- Source records -
============

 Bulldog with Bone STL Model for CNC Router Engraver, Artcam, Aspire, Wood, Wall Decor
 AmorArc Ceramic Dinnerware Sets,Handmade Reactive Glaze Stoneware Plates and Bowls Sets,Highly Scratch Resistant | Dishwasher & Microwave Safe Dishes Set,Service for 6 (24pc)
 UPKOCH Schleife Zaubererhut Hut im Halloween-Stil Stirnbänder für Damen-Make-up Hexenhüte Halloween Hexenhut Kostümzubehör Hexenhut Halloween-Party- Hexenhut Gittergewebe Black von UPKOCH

============

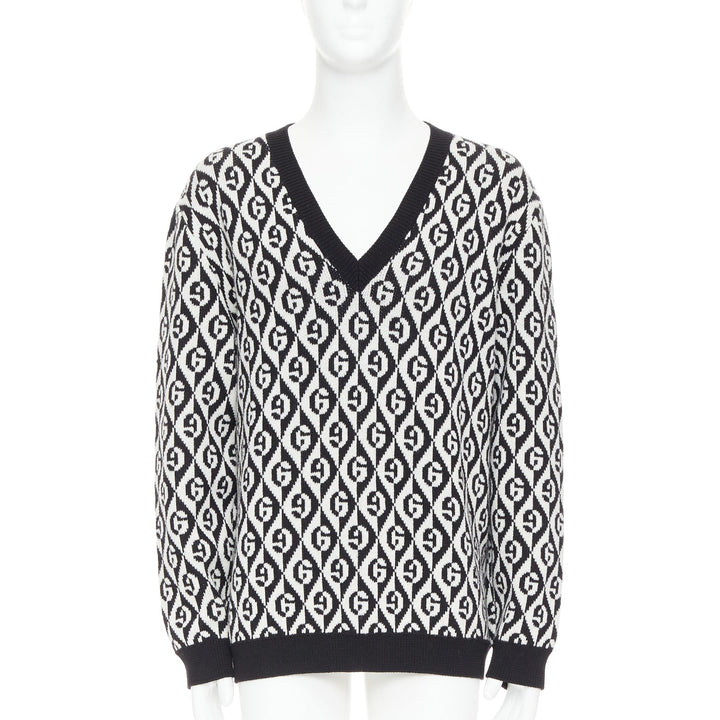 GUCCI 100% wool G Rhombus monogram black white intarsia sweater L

============

- What is expected -
Once you reach the line with "Bulldog with Bone" in the data above, copy it and every line after it exactly, up to and including the line with "UPKOCH Schleife Zaubererhut".

- Response to the task -
 Bulldog with Bone STL Model for CNC Router Engraver, Artcam, Aspire, Wood, Wall Decor
 AmorArc Ceramic Dinnerware Sets,Handmade Reactive Glaze Stoneware Plates and Bowls Sets,Highly Scratch Resistant | Dishwasher & Microwave Safe Dishes Set,Service for 6 (24pc)
 UPKOCH Schleife Zaubererhut Hut im Halloween-Stil Stirnbänder für Damen-Make-up Hexenhüte Halloween Hexenhut Kostümzubehör Hexenhut Halloween-Party- Hexenhut Gittergewebe Black von UPKOCH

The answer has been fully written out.